そういったこともあってか過去2回の月組公演、もしくはDVDで観た過去の公演とは、かなり印象の違う感じがしました。

まず、明日海トート。ビジュアルの美しさは歴代で随一ではないかという完成度。何を演じても美しく仕上がるのは明日海さんの凄いところ。しかし、明日海さんの凄さはビジュアルだけではなく、苦悩するキャラクターを演じると、観ていて痛々しくなるほどの切なさを醸し出せるところ。2幕の葬儀後の『愛と死の輪舞』での銀橋渡りはホントに良い感じでした(>_<)

次いで、蘭乃はなさんのエリザベート。1幕前半の少女時代がよく似合っているのは想像の範囲だったのですが、むしろ旦那様であるフランツとの関係に悩む姿が物語の後半に進むにつれて色濃く浮かび上がっていました。今までのエリザベートはフランツを拒絶しながらトート(死)の誘惑に抗うような印象を受けていたのですが、今回はフランツとの関係を何とかしなければという苦悩を抱えながら、トートを拒否するような印象を受け、それがトートの苦悩もエリザベートの孤独感も色濃くさせていたように感じました。

そして、何よりやはり北翔海莉さんのフランツ・ヨーゼフ。皇帝としての義務とエリザベートへの愛の狭間で苦悩するフランツを北翔さんらしく人間味あふれる姿で表現されていました。特に1幕で最後通牒を渡される場面や最後の鏡の間、2幕の安らぎのない年月でのエリザベートへの語りかけは心に響いた。圧巻は葬儀の場。場が始まって、フランツがルドルフの棺に寄り添う姿に思わず涙が。

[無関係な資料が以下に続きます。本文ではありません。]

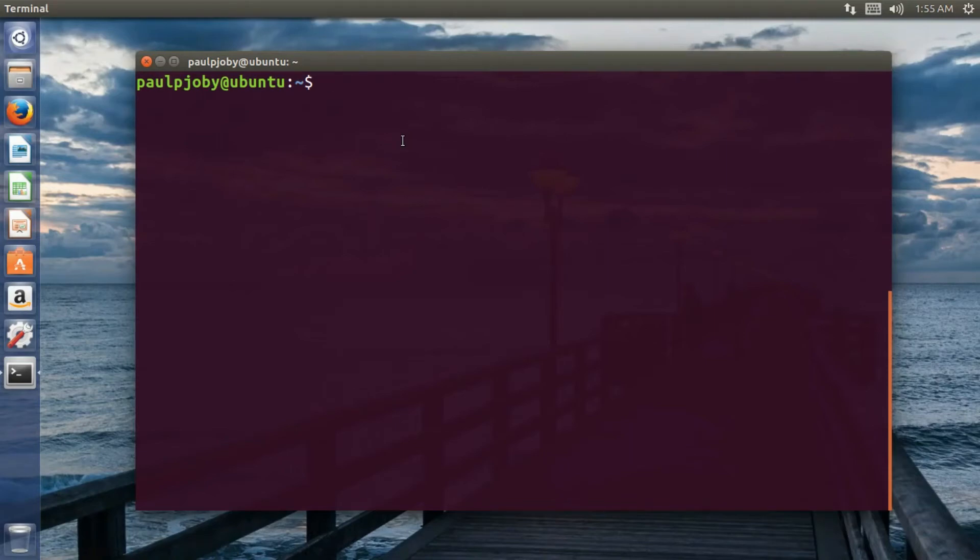Hey guys, what's up? In this video we'll be seeing how to create a simple web server using Apache, PHP and MySQL. So let's get started.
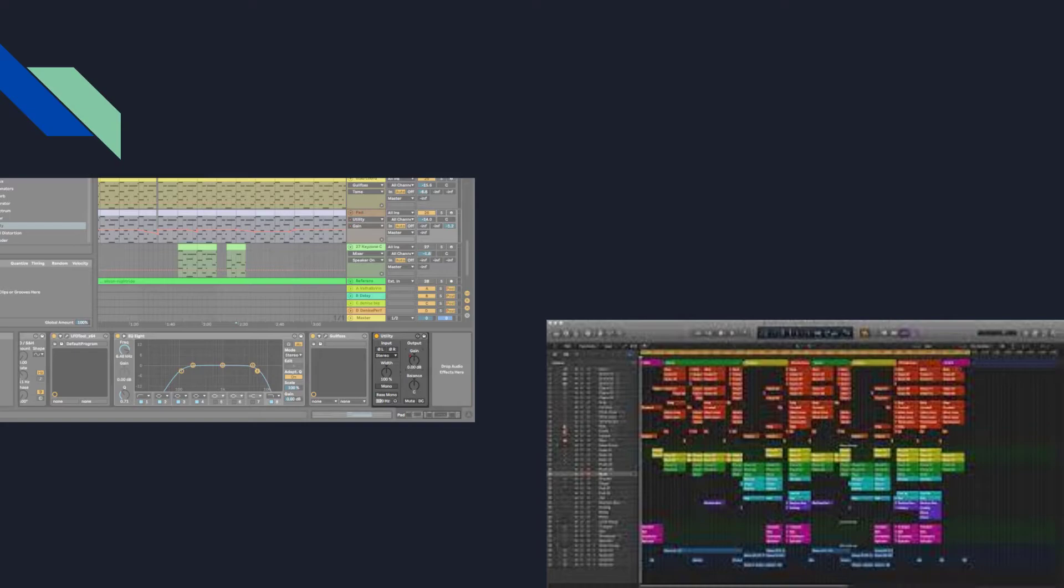So it's like instructions for what to specifically do to make the sounds for a piece and kind of like organize it and arrange it. Just like current notation tells you how to express different things.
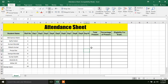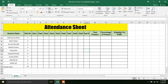We are going to open the data and the format is ready. We have a student name, roll number, day 1, day 3, day 4. We have student name, total 10 days, total present, and percentage of present. We have multiple student names listed.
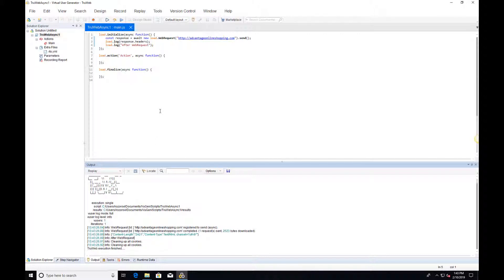Thank you for watching this video about asynchronous programming in TrueWeb. You are invited to watch our next video, asynchronous web requests. Thank you.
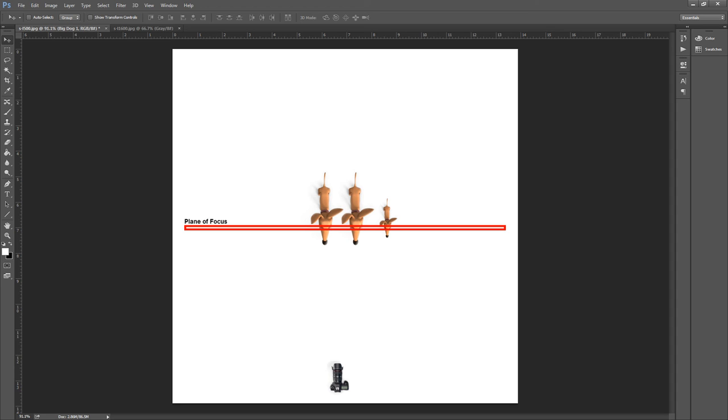So those are some very important studio concepts, and thank you for taking this 10 minutes to go through and learn some of this terminology. I'll see you in the studio!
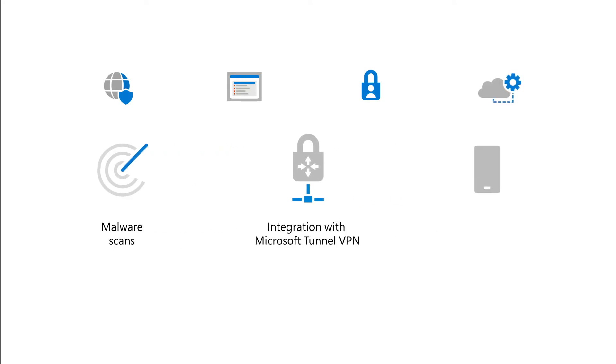Last, Defender for Endpoint on iOS can detect jailbroken devices. That's a lot of security goodness in one small app, with more capabilities in the works.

このトート、エリザベート、フランツの良さが葬儀の場以降、際立っていきます。特に『夜のボート』が素晴らしかった。今まではこの場面に進む頃にはエリザベートの拒絶感が強くて『すれちがい』という感じには思えなかったのですが、今回はフランツのまっすぐな愛情とエリザベートのそれを受け入れられない気持ちが浮かび上がり、『すれちがい』という表現がとても相応しい印象を受けました。

それがあっての霊廟でのトートとフランツの対決。どうもこの場面はフランツの負け惜しみ感が漂うことが多かったのですが、北翔フランツの言葉はエリザベートの愛を微塵も疑わない強さがあるように思え、それならばトートも動揺するだろうと思えるものでした。

他にも見所はたくさんありましたが、この真ん中の3人のバランスが素晴らしくて、初めて物語としての『エリザベート』を感じられたような気がしました。キャスト次第で作品の印象は随分と変わるなぁと感じた公演でした。